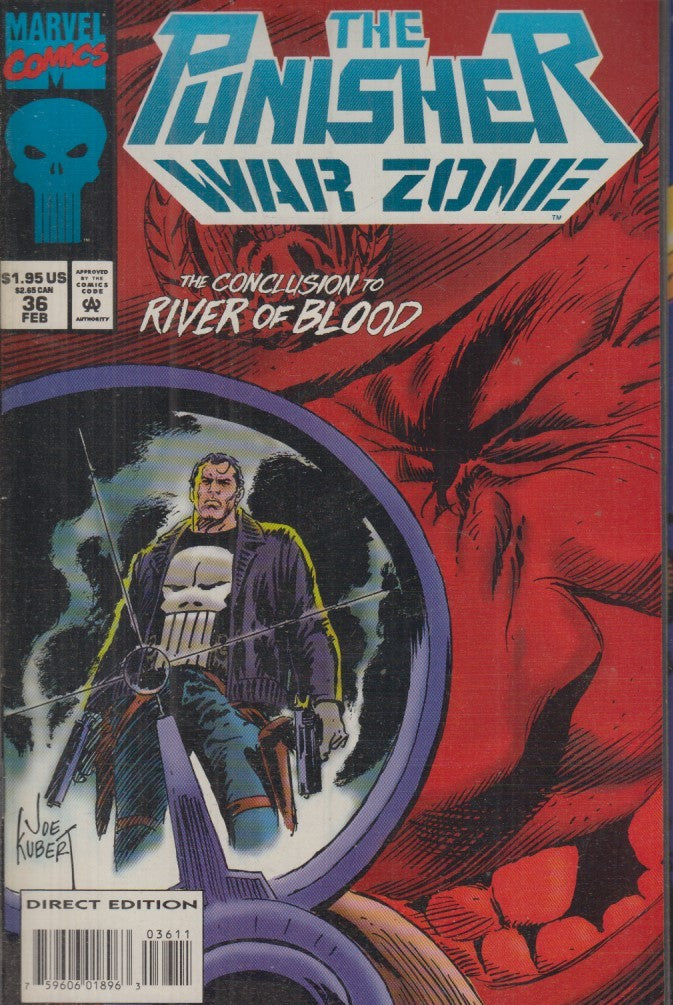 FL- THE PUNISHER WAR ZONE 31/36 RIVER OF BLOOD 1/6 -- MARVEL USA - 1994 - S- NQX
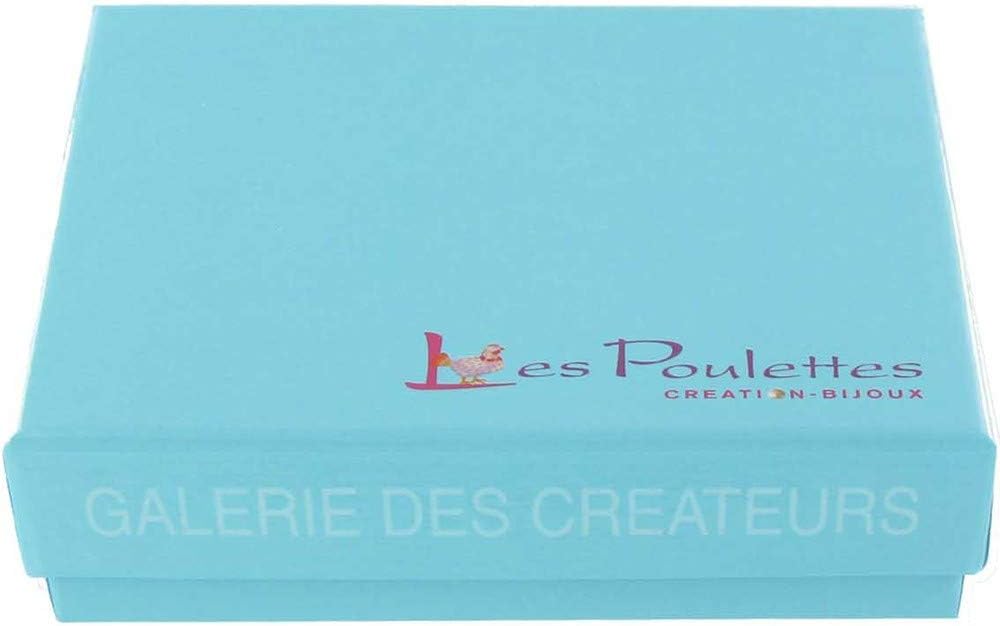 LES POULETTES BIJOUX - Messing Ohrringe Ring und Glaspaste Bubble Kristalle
__________________________________________________
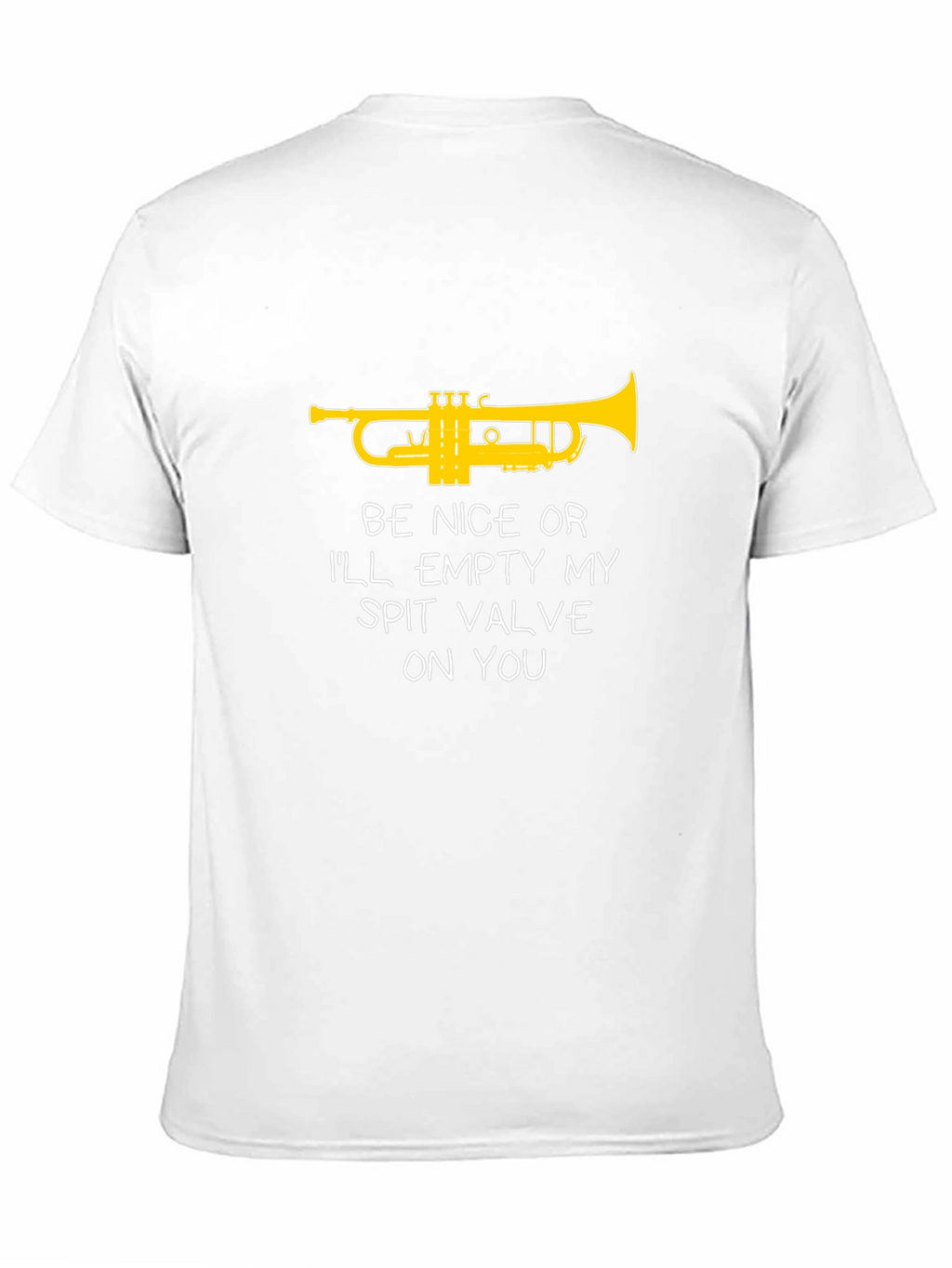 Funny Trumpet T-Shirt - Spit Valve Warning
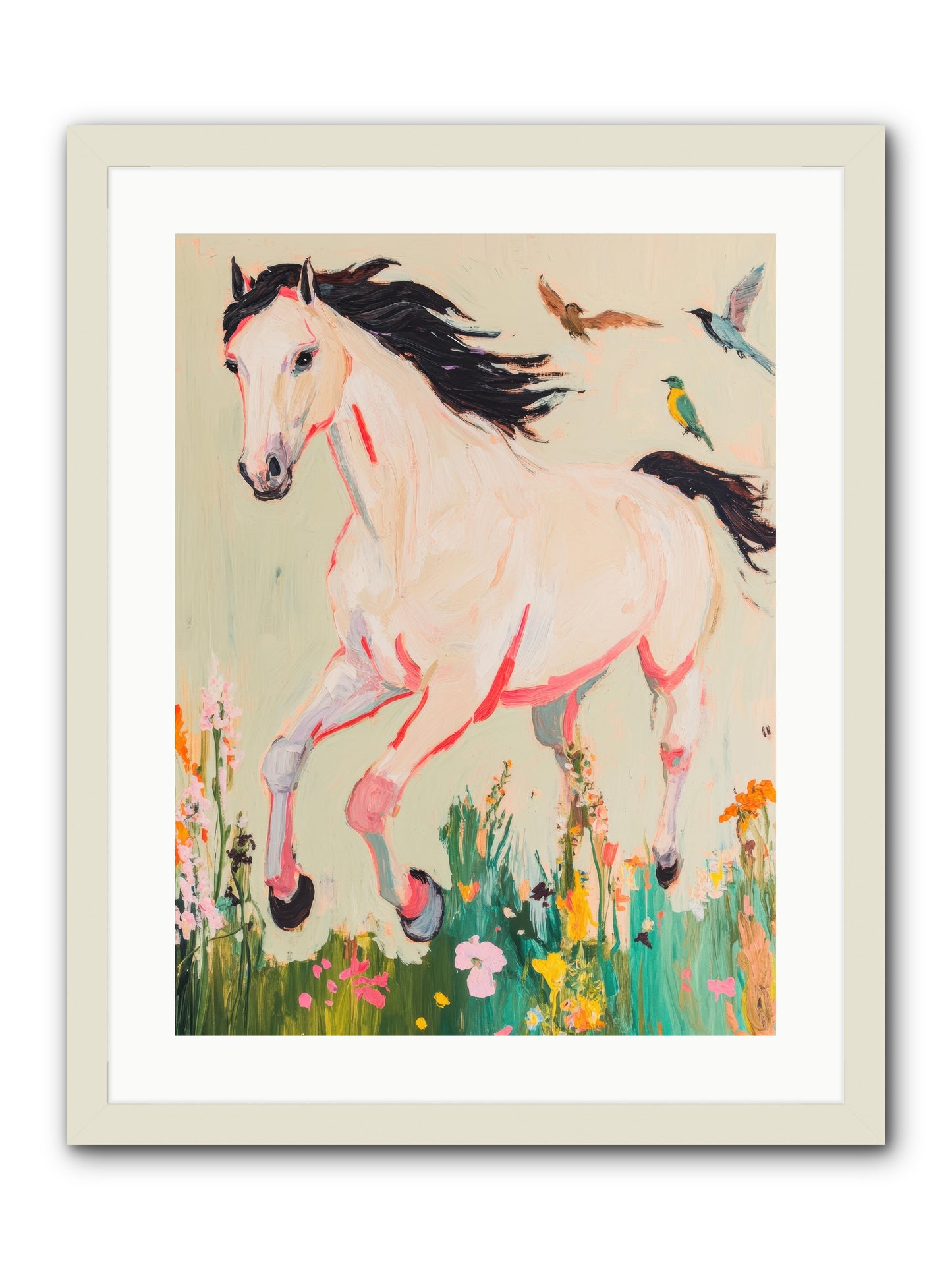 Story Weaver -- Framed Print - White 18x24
__________________________________________________
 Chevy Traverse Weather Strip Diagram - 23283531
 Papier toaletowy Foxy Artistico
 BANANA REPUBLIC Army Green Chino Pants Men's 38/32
__________________________________________________
## What is being asked
Would you print exactly, and only, the lines of the data above from the line with "Chevy Traverse Weather" through the line with "BANANA REPUBLIC Army", inclusive?

## Task result
 Chevy Traverse Weather Strip Diagram - 23283531
 Papier toaletowy Foxy Artistico
 BANANA REPUBLIC Army Green Chino Pants Men's 38/32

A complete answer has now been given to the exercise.